● Directions
Exact reproduction of all the data is required, with pictures excluded.

● Information provided

· · · · ·

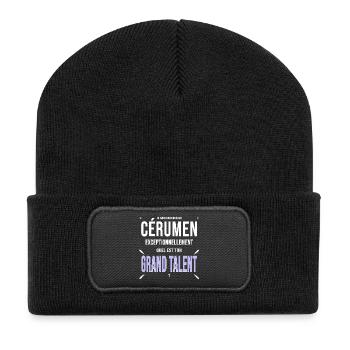 Otologiste oreilles cérumen cadeau drôle - Beanie recyclé à patch - noir - Devant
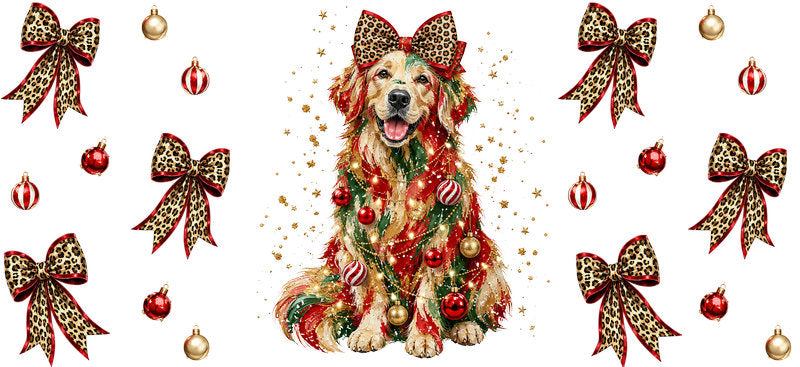 Christmas Dog UV DTF Cup Wrap for 16oz Libbey KA-15075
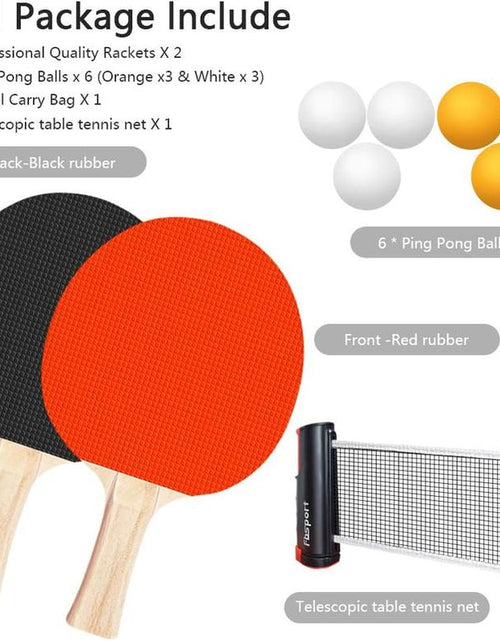 Load image into Gallery viewer, FBSPORT Ping Pong Paddle Set, Portable Table Tennis Set with Retractable Net,Rackets,Balls and Carry Bag for Indoor/Outdoor Games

· · · · ·

● Finished exercise
 Otologiste oreilles cérumen cadeau drôle - Beanie recyclé à patch - noir - Devant
 Christmas Dog UV DTF Cup Wrap for 16oz Libbey KA-15075
 Load image into Gallery viewer, FBSPORT Ping Pong Paddle Set, Portable Table Tennis Set with Retractable Net,Rackets,Balls and Carry Bag for Indoor/Outdoor Games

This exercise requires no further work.